Optimize workflow statistics updates (#892)

* optimizations: - rename update_crawl_config_stats to stats_recompute_all, only used in migration to fetch all crawls and do a full recompute of all file sizes - add stats_recompute_last to only get last crawl by size, increment total size by specified amount, and incr/decr number of crawls - Update migration 0007 to use stats_recompute_all - Add isCrawlRunning, lastCrawlStopping, and lastRun to stats_recompute_last - Increment crawlSuccessfulCount in stats_recompute_last * operator/crawls: - operator: keep track of filesAddedSize in redis as well - rename update_crawl to update_crawl_state_if_changed() and only update if state is different, otherwise return false - ensure mark_finished() operations only occur if crawl is state has changed - don't clear 'stopping' flag, can track if crawl was stopped - state always starts with "starting", don't reset to starting tests: - Add test for incremental workflow stats updating - don't clear stopping==true, indicates crawl was manually stopped --------- Co-authored-by: Ilya Kreymer <ikreymer@gmail.com>
2023-05-27 01:57:08 -04:00 · 2023-05-27 01:57:08 -04:00 · df4c4e6c5a
commit df4c4e6c5a
parent 9c7a312a4c
7 changed files with 218 additions and 66 deletions
--- a/backend/btrixcloud/crawlconfigs.py
+++ b/backend/btrixcloud/crawlconfigs.py
@ -658,9 +658,11 @@ class CrawlConfigOps:

        return None

-    async def update_crawl_stats(self, cid: uuid.UUID):
-        """Update crawl count, total size, and last crawl information for config."""
-        result = await update_config_crawl_stats(self.crawl_configs, self.crawls, cid)
+    async def stats_recompute_remove_crawl(self, cid: uuid.UUID, size: int):
+        """Update last crawl, crawl count and total size by removing size of last crawl"""
+        result = await stats_recompute_last(
+            self.crawl_configs, self.crawls, cid, -size, -1
+        )
        if not result:
            raise HTTPException(
                status_code=404, detail=f"Crawl Config '{cid}' not found to update"
@ -943,7 +945,7 @@ async def set_config_current_crawl_info(

 # ============================================================================
 # pylint: disable=too-many-locals
-async def update_config_crawl_stats(crawl_configs, crawls, cid: uuid.UUID):
+async def stats_recompute_all(crawl_configs, crawls, cid: uuid.UUID):
    """Re-calculate and update crawl statistics for config.

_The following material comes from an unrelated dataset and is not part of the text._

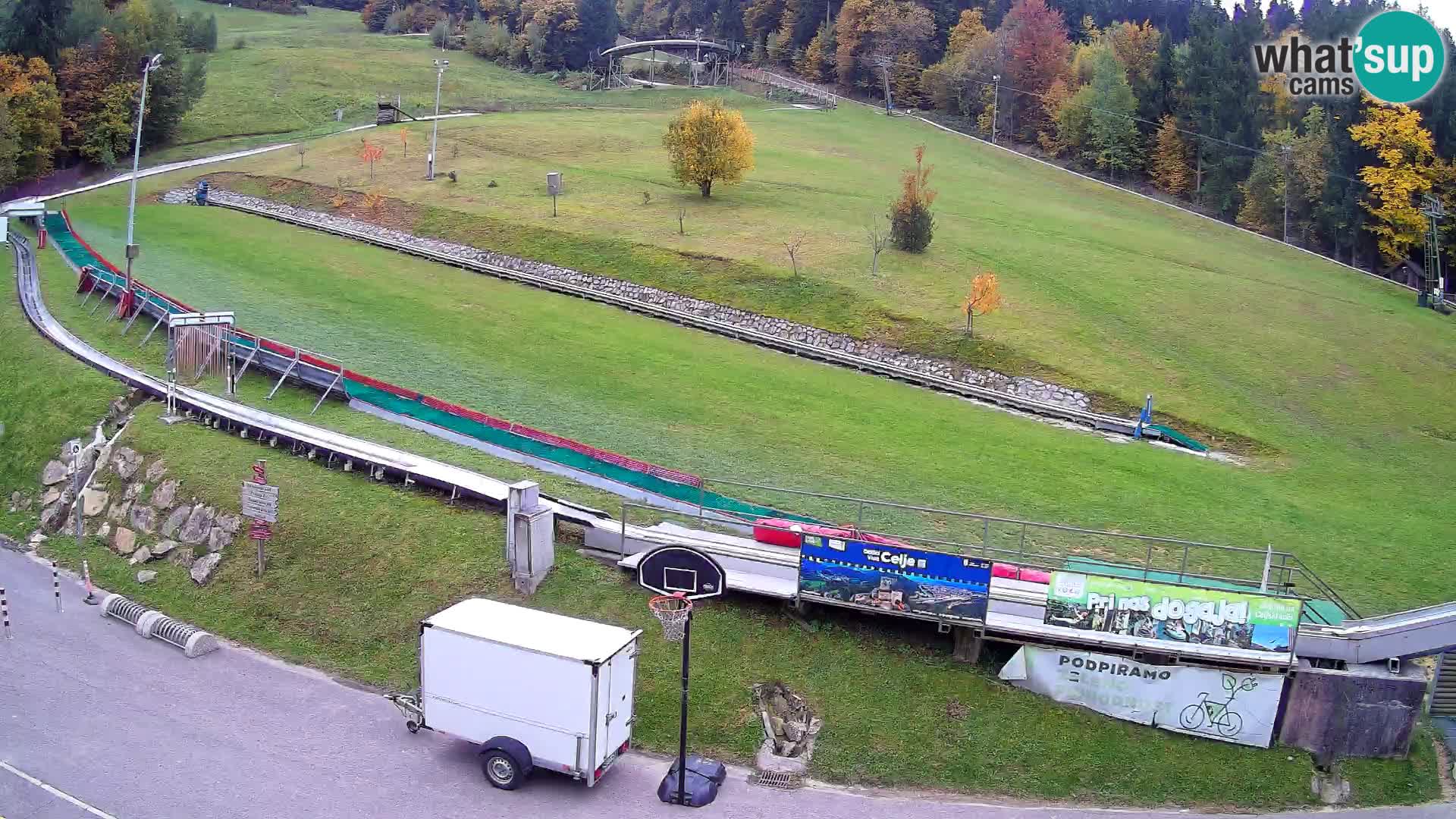 Celjska Koča – vista desde el hotel
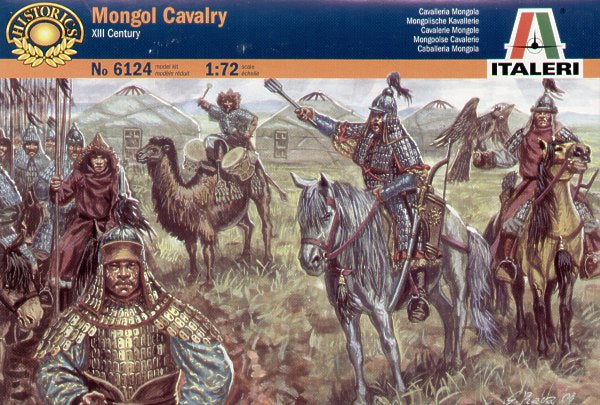 Italeri 6124 1:72 Mongols Cavalry XIII Century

    Should only be called when a crawl completes from operator or on migration
@ -1005,6 +1007,57 @@ async def update_config_crawl_stats(crawl_configs, crawls, cid: uuid.UUID):
    return result


+# ============================================================================
+async def stats_recompute_last(
+    crawl_configs, crawls, cid: uuid.UUID, size: int, inc_crawls=1
+):
+    """recompute stats by incrementing size counter and number of crawls"""
+    update_query = {
+        "lastCrawlId": None,
+        "lastCrawlStartTime": None,
+        "lastStartedBy": None,
+        "lastCrawlTime": None,
+        "lastCrawlState": None,
+        "lastCrawlSize": None,
+        "lastCrawlStopping": False,
+        "isCrawlRunning": False,
+    }
+
+    match_query = {"cid": cid, "finished": {"$ne": None}, "inactive": {"$ne": True}}
+    last_crawl = await crawls.find_one(
+        match_query, sort=[("finished", pymongo.DESCENDING)]
+    )
+
+    if last_crawl:
+        last_crawl_finished = last_crawl.get("finished")
+
+        update_query["lastCrawlId"] = str(last_crawl.get("_id"))
+        update_query["lastCrawlStartTime"] = last_crawl.get("started")
+        update_query["lastStartedBy"] = last_crawl.get("userid")
+        update_query["lastCrawlTime"] = last_crawl_finished
+        update_query["lastCrawlState"] = last_crawl.get("state")
+        update_query["lastCrawlSize"] = sum(
+            file_.get("size", 0) for file_ in last_crawl.get("files", [])
+        )
+
+        if last_crawl_finished:
+            update_query["lastRun"] = last_crawl_finished
+
+    result = await crawl_configs.find_one_and_update(
+        {"_id": cid, "inactive": {"$ne": True}},
+        {
+            "$set": update_query,
+            "$inc": {
+                "totalSize": size,
+                "crawlCount": inc_crawls,
+                "crawlSuccessfulCount": inc_crawls,
+            },
+        },
+    )
+
+    return result
+
+
 # ============================================================================
 # pylint: disable=redefined-builtin,invalid-name,too-many-locals,too-many-arguments
 def init_crawl_config_api(
--- a/backend/btrixcloud/crawls.py
+++ b/backend/btrixcloud/crawls.py
@ -504,9 +504,10 @@ class CrawlOps:
        """Delete a list of crawls by id for given org"""
        cids_to_update = set()

-        for crawl_id in delete_list.crawl_ids:
-            await self._delete_crawl_files(org, crawl_id)
+        size = 0

+        for crawl_id in delete_list.crawl_ids:
+            size += await self._delete_crawl_files(org, crawl_id)
            crawl = await self.get_crawl_raw(crawl_id, org)
            cids_to_update.add(crawl["cid"])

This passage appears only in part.